ChiaraPalladino / furesearch

Creative Commons Attribution Share Alike 4.0 International
0 stars 0 forks source link

Xenophon Ten Thousand - Week 3 #20

Closed CianColgan closed 3 months ago

CianColgan commented 4 months ago

Just letting you know I finished my third-pass of Books 2, 3, and 4 with fixing annotations, so they are open for you to review. I put my personal list of the specific edge-case annotations that I needed to look over in the Xenophon folder. I also attached additional reasoning to some of them so that it's on record and can be looked at while you review.

I mainly opened this issue because I was hoping to begin cleaning data at the end of this week, and you'd mentioned you might have specific tools or techniques that would be helpful? Like I said, Books 2 and 3 data are up so you can get an idea of what it looks like and what cleaning would be best.

ChiaraPalladino commented 4 months ago

Hi Cian, I'll go through your annotations this week and will try some preprocessing with Book 2 to see to what extent an automatic approach works. I'll circle back to you in a couple of days.

ChiaraPalladino commented 4 months ago

Update: I have done a very rough cleanup of Book 2 and uploaded the export data in the repository. I didn't use a script to clean it but a very simple approach to separate the tags - the downside, however, is that some of the tags ended up in the wrong field, so this must be corrected manually.

How to correct the output manually

I still want to prepare an ad hoc script to clean these files and get a better output, but since Book 2 is quite straightforward I thought I'd give you something to do.

CianColgan commented 4 months ago

Revised the first rough cleanup and attached the file to this comment. I think I understood the system. I can't figure out why some of the links didn't transfer at all while the majority did, but I fixed it regardless.

I didn't do it in the cleanup, but one thing I think I might change is adding an "ambiguous: true/false" (and maybe the same format for casestudy too) column right after the "Visited or referenced" one, since I know those two tags will compete for space in the subsequent books.

xenophonBook2_revisedFirstCleanup.csv

ChiaraPalladino commented 4 months ago

I have uploaded your revised file here.

Still didn't get a chance to work on the script but hopefully i'll be able to finish it by tonight (EU time)

ChiaraPalladino commented 4 months ago

update: the script is ready and i have used it to clean the Book 3 and Book 4 files.

Everything is in the repo folder: https://github.com/ChiaraPalladino/furesearch/tree/main/ancient-geographies/xenophon-anabasis

You should still have a look at the new csv files to make sure that all the values are in the right place, and if you want to try executing the python script yourself you obviously can (I can tell you how or you can look it up, it's quite easy).

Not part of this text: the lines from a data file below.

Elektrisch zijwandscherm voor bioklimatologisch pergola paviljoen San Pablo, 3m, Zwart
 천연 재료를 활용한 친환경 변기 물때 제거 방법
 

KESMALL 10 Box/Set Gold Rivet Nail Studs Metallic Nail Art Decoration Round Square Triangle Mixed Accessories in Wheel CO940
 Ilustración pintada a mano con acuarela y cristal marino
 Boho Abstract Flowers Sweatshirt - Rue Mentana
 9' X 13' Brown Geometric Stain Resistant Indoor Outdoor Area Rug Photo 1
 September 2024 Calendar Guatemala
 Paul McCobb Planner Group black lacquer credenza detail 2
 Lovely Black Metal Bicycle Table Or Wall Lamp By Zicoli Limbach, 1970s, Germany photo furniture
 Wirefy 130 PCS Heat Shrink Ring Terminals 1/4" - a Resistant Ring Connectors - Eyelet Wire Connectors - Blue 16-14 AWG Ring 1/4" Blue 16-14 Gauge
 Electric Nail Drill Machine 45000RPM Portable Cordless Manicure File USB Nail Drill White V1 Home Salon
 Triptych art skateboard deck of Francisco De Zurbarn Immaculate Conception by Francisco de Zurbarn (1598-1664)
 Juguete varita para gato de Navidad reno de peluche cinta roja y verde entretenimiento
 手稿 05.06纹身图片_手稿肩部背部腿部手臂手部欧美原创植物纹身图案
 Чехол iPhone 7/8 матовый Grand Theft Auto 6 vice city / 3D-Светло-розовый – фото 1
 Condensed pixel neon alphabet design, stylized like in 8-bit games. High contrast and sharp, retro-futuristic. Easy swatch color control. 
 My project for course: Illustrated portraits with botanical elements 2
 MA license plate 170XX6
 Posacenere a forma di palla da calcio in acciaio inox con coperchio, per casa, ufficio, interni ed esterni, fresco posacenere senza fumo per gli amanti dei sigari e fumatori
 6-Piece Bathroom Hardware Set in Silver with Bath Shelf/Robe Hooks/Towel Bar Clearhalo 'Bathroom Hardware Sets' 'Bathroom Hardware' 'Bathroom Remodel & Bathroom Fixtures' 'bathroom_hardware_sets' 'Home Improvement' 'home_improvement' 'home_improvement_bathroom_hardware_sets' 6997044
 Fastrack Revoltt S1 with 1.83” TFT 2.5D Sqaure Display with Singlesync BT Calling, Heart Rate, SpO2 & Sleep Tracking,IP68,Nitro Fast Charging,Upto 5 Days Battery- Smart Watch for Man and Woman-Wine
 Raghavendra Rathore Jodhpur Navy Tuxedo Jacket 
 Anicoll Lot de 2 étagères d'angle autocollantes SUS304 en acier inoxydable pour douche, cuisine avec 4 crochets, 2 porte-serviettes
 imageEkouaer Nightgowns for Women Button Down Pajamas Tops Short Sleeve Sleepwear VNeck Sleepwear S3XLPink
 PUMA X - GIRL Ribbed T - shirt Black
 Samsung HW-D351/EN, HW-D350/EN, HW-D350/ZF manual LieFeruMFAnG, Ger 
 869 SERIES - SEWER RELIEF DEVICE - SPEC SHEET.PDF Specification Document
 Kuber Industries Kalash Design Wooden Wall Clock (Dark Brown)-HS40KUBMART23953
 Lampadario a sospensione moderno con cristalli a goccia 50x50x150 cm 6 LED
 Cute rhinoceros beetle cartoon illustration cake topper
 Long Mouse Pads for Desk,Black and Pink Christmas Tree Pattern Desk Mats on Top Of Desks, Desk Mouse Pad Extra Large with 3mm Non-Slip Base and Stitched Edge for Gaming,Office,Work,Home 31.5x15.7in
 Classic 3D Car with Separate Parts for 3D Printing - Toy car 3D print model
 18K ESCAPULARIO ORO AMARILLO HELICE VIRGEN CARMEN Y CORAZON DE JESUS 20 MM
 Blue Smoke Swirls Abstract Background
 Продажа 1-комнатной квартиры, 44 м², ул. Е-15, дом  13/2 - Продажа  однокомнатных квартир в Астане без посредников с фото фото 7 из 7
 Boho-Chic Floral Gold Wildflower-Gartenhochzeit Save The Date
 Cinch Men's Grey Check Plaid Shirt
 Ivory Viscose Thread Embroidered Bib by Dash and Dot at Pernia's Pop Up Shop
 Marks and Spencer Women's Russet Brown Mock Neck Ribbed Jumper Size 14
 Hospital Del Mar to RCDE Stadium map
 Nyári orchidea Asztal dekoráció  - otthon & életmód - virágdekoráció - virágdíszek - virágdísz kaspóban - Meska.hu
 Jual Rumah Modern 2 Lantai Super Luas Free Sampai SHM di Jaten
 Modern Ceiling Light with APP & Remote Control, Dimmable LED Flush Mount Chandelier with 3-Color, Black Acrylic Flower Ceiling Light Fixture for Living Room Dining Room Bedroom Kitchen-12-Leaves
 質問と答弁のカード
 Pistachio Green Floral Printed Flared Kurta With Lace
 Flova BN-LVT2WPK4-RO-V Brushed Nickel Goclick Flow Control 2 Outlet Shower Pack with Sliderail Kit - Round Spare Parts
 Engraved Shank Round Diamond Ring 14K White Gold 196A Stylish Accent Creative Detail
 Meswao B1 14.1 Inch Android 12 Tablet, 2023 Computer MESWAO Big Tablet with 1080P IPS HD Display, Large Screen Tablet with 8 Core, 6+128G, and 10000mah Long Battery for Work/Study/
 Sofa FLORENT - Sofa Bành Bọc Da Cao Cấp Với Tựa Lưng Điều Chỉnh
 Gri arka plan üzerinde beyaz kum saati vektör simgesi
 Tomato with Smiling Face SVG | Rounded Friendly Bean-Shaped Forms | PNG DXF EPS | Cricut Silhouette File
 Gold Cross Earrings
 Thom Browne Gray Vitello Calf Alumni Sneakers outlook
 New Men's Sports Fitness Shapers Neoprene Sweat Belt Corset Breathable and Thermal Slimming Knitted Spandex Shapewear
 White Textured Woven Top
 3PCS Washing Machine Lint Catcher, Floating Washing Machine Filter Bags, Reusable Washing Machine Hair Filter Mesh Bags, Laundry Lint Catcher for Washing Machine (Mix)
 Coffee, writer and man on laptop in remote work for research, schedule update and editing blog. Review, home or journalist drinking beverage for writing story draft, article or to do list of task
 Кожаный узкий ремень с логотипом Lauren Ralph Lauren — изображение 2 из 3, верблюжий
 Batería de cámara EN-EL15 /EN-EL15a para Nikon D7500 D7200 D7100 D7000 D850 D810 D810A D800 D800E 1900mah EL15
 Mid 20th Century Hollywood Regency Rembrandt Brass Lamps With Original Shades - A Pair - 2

CianColgan commented 4 months ago

Progress Report:

Additionally: I had a little extra time on my hands so I went ahead and redid all my work for Book 1 of the Anabasis as well using the new annotation guidelines and bringing it up to date with the state of the other Books the project addresses; it's shared with you and available for review. I posted a (much shorter) list of notable annotations alongside the others. I also ran the .csv of the Book 1 data through the data cleaner, and am currently in process of manually revising the data. When it's done (likely early the week I get back), I will post it in the repo.

Up Next: Import all the data into ArcGIS Pro and begin mapping!